-- What to work on --
Give again, word for word, every line in the entries below from the line with "Little dark-haired girl" up to and including the line with "Three women walking", and no other line.

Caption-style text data
::::::::

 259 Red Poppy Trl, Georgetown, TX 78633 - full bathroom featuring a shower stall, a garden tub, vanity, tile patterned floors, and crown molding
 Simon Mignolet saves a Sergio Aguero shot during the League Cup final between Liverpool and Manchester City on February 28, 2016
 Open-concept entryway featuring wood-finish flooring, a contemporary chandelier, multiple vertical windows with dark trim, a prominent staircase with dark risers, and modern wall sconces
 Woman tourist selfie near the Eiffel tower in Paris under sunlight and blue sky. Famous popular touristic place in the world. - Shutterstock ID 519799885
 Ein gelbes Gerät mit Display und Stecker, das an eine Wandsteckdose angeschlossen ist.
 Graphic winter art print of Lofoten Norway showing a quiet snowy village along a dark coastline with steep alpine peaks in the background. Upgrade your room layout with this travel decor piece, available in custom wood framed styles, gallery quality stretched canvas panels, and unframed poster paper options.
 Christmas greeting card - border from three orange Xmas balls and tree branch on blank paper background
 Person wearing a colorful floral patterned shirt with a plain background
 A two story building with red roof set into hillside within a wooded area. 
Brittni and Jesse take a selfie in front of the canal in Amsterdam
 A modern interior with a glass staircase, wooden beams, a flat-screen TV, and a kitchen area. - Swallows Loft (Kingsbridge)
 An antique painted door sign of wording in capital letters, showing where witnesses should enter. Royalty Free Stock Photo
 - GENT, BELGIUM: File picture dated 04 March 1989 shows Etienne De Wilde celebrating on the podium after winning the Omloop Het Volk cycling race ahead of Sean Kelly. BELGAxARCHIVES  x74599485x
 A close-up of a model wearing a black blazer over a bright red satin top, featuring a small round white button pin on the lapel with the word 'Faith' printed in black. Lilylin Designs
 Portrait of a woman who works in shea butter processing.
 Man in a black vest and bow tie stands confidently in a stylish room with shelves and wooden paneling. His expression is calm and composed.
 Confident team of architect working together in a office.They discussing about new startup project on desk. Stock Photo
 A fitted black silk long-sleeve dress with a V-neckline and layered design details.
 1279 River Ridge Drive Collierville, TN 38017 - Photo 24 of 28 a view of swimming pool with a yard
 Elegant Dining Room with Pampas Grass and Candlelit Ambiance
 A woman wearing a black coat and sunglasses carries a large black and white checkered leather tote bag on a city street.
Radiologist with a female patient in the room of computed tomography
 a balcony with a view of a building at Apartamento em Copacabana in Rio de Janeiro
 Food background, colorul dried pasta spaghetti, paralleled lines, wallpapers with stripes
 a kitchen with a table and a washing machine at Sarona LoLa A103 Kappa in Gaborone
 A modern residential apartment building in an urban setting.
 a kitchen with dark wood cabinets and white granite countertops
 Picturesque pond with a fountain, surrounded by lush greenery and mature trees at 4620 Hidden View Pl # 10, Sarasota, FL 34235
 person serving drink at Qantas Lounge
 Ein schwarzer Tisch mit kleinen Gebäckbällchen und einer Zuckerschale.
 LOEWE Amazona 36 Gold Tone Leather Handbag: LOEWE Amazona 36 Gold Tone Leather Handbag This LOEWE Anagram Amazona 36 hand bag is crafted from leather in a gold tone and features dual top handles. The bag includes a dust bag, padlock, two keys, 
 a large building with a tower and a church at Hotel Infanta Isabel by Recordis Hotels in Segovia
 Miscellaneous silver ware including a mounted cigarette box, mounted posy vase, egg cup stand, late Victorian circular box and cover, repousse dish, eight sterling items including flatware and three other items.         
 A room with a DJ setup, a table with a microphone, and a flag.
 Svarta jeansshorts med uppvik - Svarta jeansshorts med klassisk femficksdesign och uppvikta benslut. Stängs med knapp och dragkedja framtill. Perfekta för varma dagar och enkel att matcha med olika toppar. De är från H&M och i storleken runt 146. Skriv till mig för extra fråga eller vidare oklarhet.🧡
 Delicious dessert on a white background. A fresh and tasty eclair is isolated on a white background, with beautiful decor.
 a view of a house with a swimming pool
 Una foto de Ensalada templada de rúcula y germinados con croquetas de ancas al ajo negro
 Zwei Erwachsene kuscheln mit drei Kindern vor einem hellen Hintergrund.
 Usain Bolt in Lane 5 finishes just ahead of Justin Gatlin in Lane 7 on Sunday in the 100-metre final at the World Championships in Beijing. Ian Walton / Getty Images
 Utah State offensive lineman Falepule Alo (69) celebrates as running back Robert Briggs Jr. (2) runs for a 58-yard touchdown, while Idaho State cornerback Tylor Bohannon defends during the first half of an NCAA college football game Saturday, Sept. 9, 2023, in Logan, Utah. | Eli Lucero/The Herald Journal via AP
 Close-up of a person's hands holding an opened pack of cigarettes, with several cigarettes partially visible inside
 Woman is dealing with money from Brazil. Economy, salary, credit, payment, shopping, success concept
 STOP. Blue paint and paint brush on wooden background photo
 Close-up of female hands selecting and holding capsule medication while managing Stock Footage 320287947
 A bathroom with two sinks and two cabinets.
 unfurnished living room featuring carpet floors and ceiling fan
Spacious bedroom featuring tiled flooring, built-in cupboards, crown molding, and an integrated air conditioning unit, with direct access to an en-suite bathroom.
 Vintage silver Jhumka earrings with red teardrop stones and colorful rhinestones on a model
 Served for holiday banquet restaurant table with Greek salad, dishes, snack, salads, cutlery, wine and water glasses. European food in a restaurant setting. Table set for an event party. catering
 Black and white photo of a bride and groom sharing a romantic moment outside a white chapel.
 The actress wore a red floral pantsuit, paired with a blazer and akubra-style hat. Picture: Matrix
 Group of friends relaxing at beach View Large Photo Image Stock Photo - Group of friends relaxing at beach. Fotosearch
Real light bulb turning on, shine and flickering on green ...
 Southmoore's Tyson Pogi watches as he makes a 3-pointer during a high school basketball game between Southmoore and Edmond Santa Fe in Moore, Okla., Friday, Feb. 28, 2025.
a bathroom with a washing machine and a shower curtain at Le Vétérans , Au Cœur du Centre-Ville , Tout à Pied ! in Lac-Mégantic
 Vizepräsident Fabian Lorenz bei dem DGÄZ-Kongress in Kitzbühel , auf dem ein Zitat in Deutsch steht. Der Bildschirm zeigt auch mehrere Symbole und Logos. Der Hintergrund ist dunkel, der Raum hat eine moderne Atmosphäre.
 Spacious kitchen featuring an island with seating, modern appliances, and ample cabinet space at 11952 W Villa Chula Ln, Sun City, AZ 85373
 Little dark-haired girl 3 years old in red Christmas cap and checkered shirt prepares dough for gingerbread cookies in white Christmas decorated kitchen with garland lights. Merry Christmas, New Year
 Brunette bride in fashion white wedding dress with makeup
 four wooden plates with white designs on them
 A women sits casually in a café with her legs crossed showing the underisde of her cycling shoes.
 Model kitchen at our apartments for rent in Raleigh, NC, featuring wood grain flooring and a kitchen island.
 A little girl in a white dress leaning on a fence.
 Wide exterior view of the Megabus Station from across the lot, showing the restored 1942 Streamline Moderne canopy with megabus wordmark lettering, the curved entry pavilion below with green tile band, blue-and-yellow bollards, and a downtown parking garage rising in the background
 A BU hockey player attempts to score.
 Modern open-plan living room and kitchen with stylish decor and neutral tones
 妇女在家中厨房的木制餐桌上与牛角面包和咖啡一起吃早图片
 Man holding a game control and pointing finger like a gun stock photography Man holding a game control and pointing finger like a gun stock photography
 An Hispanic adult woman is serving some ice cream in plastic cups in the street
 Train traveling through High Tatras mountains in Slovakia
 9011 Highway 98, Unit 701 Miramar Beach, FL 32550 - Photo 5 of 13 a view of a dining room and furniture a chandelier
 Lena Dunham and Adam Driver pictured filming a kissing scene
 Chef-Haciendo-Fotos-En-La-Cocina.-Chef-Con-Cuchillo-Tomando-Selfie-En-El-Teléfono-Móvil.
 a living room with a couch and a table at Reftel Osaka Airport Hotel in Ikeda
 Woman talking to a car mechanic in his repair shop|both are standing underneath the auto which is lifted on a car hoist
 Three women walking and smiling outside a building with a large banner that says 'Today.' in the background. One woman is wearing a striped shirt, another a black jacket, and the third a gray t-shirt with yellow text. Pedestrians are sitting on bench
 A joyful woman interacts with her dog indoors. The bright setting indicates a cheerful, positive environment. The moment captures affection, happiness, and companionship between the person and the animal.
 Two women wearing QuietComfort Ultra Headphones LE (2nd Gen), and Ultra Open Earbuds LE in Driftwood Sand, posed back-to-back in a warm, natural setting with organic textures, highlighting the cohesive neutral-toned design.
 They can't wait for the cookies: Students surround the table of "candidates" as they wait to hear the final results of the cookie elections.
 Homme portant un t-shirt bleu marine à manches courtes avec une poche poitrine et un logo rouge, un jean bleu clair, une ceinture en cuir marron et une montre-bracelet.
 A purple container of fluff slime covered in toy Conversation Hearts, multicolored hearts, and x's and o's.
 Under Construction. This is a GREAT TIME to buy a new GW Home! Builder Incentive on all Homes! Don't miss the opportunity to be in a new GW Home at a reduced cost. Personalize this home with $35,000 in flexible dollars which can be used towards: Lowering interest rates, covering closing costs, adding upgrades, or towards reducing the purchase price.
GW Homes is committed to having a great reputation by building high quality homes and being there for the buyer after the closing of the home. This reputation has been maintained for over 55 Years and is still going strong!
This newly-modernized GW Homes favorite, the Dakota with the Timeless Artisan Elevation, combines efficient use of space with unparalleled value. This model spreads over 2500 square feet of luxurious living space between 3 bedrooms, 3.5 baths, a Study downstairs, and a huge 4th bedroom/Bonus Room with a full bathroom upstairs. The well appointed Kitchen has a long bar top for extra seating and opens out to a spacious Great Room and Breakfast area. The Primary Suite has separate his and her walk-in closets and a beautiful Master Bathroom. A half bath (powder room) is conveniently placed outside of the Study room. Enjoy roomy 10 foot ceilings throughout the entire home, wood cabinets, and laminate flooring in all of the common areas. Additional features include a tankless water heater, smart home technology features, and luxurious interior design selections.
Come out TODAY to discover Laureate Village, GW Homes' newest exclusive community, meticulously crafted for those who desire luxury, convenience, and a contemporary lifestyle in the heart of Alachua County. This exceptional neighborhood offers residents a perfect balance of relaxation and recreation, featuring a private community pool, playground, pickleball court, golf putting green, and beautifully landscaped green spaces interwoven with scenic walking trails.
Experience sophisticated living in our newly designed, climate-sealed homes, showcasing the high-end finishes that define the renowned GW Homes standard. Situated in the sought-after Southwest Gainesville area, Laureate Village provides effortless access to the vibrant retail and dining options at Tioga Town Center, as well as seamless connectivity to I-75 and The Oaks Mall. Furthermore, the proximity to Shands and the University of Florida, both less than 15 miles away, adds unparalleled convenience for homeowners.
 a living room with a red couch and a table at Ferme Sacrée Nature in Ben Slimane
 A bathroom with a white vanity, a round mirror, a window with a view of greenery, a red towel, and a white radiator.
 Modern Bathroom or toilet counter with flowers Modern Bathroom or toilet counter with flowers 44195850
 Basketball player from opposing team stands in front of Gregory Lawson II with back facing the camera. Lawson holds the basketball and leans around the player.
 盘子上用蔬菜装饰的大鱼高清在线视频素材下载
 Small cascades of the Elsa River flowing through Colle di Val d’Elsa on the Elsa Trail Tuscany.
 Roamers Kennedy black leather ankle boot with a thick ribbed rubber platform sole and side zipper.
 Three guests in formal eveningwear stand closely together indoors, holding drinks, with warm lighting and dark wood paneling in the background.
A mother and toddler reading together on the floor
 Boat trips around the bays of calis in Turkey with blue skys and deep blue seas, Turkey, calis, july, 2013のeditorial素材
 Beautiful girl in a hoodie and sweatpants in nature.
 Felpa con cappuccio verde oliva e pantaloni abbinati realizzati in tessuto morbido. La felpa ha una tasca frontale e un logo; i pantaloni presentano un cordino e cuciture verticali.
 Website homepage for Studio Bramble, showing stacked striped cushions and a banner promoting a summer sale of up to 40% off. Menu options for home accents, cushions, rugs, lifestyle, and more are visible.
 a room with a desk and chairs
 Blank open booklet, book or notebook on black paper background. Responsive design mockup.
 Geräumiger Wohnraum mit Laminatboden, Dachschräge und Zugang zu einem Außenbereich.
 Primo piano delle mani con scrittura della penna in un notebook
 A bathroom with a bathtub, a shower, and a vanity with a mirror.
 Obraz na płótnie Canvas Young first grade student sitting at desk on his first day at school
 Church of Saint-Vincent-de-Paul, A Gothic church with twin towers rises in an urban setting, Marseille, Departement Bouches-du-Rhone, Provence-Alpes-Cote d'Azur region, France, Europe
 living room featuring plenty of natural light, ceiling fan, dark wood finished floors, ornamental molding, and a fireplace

::::::::

-- Completed task --
 Little dark-haired girl 3 years old in red Christmas cap and checkered shirt prepares dough for gingerbread cookies in white Christmas decorated kitchen with garland lights. Merry Christmas, New Year
 Brunette bride in fashion white wedding dress with makeup
 four wooden plates with white designs on them
 A women sits casually in a café with her legs crossed showing the underisde of her cycling shoes.
 Model kitchen at our apartments for rent in Raleigh, NC, featuring wood grain flooring and a kitchen island.
 A little girl in a white dress leaning on a fence.
 Wide exterior view of the Megabus Station from across the lot, showing the restored 1942 Streamline Moderne canopy with megabus wordmark lettering, the curved entry pavilion below with green tile band, blue-and-yellow bollards, and a downtown parking garage rising in the background
 A BU hockey player attempts to score.
 Modern open-plan living room and kitchen with stylish decor and neutral tones
 妇女在家中厨房的木制餐桌上与牛角面包和咖啡一起吃早图片
 Man holding a game control and pointing finger like a gun stock photography Man holding a game control and pointing finger like a gun stock photography
 An Hispanic adult woman is serving some ice cream in plastic cups in the street
 Train traveling through High Tatras mountains in Slovakia
 9011 Highway 98, Unit 701 Miramar Beach, FL 32550 - Photo 5 of 13 a view of a dining room and furniture a chandelier
 Lena Dunham and Adam Driver pictured filming a kissing scene
 Chef-Haciendo-Fotos-En-La-Cocina.-Chef-Con-Cuchillo-Tomando-Selfie-En-El-Teléfono-Móvil.
 a living room with a couch and a table at Reftel Osaka Airport Hotel in Ikeda
 Woman talking to a car mechanic in his repair shop|both are standing underneath the auto which is lifted on a car hoist
 Three women walking and smiling outside a building with a large banner that says 'Today.' in the background. One woman is wearing a striped shirt, another a black jacket, and the third a gray t-shirt with yellow text. Pedestrians are sitting on bench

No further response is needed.